Before getting here, I had no idea that there is an enormous desert in Peru. After driving through it for more than 40 hours in combined bus rides over the last three weeks, I started to figure most of the country was desert. I was surprised when through my research I discovered it’s only a mere 10%, and that 10% happens to be the 1,550 mile stretch along the coast that I drove through from Ecuador down to Huacachina. Even more surprising: half of Peru’s population live in this 10% of coastal desert (Lima is located there).
It is in this stretch that we find the real life oasis of Huacachina. The pictures I’d seen circulating on the internet of this little phenomenon are what inspired me to go there, but still, it’s one of those things you truly have to see to believe.
It was with those intentions that I boarded a bus to Ica, the closest big city to this oasis. Over the course of the six hour journey we saw many glimpses of what was to come: little shanty towns and cities built right into the dunes: an incredible thing to witness. Every roof is flat as rain is never ever an issue there (it is for this reason that Northern Peru was so devastated by recent heavy rainfalls. They are completely unprepared for wet weather).
Ica itself is a city of nearly 250,000 people built on top of a desert.

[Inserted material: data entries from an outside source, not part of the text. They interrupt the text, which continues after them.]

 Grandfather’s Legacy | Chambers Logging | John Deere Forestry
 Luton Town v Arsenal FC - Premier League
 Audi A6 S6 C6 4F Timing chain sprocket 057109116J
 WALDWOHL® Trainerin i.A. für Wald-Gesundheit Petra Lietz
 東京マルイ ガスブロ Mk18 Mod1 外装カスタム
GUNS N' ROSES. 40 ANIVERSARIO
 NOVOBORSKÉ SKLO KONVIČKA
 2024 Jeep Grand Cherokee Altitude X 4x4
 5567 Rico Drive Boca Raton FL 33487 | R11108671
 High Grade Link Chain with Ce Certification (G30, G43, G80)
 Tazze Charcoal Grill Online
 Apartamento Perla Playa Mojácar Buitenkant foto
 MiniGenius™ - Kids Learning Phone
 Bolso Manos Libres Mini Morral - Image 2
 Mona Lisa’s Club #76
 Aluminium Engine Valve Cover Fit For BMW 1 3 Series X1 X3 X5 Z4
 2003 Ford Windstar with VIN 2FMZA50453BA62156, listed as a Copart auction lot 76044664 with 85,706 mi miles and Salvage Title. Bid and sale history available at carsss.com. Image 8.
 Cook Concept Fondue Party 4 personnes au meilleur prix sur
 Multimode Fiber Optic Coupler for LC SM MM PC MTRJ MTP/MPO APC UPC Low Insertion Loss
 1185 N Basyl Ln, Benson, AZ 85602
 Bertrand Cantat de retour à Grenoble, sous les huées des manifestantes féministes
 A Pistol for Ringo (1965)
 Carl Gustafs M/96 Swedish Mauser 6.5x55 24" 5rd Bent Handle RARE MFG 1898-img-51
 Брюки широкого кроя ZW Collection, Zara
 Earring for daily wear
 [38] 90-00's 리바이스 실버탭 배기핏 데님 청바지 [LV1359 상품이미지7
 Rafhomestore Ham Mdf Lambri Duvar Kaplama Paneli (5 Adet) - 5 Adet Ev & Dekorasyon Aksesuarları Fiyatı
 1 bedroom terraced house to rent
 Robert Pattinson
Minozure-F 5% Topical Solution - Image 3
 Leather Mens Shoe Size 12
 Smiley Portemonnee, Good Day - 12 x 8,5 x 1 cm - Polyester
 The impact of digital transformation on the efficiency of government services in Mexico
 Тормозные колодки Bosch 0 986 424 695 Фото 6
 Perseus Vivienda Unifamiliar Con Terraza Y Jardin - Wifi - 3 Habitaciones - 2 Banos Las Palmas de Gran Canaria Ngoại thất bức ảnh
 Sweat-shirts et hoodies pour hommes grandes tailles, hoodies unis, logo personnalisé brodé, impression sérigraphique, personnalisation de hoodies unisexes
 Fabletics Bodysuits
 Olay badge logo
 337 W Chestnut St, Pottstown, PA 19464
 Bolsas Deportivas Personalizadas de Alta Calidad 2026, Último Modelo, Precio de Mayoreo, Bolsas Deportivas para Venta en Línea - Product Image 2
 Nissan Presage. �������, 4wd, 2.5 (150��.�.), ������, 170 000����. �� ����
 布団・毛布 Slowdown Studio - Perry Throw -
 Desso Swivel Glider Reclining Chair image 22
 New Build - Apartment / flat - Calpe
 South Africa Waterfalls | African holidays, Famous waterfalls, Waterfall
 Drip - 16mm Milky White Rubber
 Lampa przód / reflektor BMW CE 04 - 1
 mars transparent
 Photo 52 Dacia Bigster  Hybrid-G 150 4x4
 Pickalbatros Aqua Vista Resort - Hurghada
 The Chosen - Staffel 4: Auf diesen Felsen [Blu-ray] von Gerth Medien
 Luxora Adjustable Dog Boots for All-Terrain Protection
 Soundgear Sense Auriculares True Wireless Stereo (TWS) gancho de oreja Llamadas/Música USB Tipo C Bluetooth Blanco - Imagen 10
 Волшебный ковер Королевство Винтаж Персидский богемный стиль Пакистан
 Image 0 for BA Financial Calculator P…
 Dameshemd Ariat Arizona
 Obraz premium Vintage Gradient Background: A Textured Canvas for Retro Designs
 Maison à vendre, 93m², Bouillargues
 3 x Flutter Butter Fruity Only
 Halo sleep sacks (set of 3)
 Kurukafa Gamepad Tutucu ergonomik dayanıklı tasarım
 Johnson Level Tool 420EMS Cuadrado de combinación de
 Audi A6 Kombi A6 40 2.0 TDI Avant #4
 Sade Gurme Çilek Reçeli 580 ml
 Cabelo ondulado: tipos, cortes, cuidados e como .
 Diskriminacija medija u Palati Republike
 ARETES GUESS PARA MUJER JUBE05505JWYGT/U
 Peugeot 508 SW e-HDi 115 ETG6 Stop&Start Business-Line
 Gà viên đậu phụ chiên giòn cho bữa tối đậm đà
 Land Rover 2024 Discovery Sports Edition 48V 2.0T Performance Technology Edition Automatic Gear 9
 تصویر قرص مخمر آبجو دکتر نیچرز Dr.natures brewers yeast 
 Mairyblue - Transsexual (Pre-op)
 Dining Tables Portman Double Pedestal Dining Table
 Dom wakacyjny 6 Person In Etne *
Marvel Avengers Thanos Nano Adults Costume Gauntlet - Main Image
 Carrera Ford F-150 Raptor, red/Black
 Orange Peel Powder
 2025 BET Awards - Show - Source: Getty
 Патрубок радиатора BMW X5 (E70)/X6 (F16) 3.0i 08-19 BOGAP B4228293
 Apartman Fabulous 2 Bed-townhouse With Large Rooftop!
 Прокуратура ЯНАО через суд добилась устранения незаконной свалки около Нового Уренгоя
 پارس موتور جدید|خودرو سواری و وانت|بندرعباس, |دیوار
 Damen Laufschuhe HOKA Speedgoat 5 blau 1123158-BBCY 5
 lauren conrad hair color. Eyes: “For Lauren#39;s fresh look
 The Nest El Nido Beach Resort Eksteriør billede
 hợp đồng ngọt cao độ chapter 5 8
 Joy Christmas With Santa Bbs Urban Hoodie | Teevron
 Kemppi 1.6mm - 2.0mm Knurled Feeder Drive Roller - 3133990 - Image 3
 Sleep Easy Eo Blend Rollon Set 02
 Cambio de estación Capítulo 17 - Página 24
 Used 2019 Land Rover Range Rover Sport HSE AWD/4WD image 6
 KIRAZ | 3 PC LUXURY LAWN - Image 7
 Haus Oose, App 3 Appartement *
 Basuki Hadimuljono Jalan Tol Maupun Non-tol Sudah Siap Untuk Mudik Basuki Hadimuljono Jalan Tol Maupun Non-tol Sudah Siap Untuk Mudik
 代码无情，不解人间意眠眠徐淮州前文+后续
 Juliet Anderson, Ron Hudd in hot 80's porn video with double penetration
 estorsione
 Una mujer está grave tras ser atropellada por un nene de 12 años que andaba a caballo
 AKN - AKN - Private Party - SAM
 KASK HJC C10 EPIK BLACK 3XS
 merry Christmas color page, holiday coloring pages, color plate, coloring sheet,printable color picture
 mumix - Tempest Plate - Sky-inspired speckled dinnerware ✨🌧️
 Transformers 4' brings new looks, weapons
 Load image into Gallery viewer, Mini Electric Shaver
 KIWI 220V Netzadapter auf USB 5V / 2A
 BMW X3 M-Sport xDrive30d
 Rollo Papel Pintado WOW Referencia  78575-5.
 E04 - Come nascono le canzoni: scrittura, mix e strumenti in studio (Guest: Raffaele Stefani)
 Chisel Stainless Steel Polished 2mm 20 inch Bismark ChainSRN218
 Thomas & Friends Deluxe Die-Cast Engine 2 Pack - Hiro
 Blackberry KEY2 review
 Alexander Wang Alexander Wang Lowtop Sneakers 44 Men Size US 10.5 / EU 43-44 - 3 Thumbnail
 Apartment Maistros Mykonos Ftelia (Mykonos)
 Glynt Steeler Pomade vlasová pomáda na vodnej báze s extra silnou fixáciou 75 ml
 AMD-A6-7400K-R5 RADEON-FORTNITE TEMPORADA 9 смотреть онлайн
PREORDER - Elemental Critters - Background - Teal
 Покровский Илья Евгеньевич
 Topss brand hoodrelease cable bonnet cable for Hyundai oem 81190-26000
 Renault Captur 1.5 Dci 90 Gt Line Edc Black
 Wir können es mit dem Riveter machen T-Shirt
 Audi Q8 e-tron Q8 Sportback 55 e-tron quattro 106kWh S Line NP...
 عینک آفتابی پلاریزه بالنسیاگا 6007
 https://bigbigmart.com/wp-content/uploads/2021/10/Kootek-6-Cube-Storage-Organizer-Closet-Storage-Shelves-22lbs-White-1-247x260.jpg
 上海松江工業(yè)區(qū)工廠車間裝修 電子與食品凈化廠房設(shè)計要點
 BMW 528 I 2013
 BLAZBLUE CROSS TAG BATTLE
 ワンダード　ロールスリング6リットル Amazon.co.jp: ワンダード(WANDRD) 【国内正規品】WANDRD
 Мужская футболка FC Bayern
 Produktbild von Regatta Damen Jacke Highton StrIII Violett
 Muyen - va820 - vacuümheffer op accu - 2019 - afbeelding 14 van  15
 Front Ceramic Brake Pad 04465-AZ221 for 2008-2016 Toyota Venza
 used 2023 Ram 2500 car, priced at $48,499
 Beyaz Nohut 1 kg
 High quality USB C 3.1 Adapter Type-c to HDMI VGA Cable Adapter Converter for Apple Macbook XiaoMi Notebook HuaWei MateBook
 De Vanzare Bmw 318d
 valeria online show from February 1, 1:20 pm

When you arrive to the bus terminal of Ica, you take a fifteen minute taxi ride for 8 sole ($2.50) to Huacachina.
The lake that Huacachina is built around is completely natural, but the town around it only has about 100 residents and exists solely for tourism. Naturally, a real-life desert oasis has become a big hit with the tourists and it recieves around tens of thousands of visitors a year; Peruvians and foreigners alike.
The oasis itself is planted in the midst of miles and miles of enormous sand dunes as far as the eye can see. Legend has it that a mermaid inhabits the lake and moves the dunes around every night, so each day they are in a different position.
Given the unique terrain surrounding it, the other big things to do at the oasis are dune buggy tours and sand-boarding. For just 30 sole or $10 you can go on an hour long dune buggy joyride that takes you racing over and around the enormous sand dunes, with a few stops to try your hand at sand boarding (or sand sledding, like I did).
I would like to meet the engineer who fashioned this vehicle, that can whip over enormous piles of sand like it’s nothing. The ride was more of an adrenaline rush than any roller coaster I’ve ever been on, and the hills are ringing with the screams of tourists getting their thrills in the dune buggy.
The driver will stop at a few dunes of varying sizes to let you try sand boarding. I saw way more people falling then actually sand boarding down the dunes, and as I wasn’t particularly fond of the idea of tumbling down a mountain of burning hot sand I rode it like a toboggan instead. It was awesome.
That’s pretty much it for what there is to do in Huacachina though, unless you want to try paragliding which also looked very fun:
More than a night here is not necessary; if that. I would recommend staying in the city of Ica and going into Huacachina for the day; you can do everything you want to do in one day there and go back to Ica for reasonably priced food and accommodation afterwards. As you might expect prices at the oasis are inflated. You’re stranded in the desert, after all. They can charge whatever they want. One thing’s for sure though, Huacachina is not to be missed on anyone’s Peru itinerary. In fact you could even do it as a day trip from Lima if you’re strapped for time, it’s so close, so there’s no excuse. Just another crazy cool, uniquely South American experience.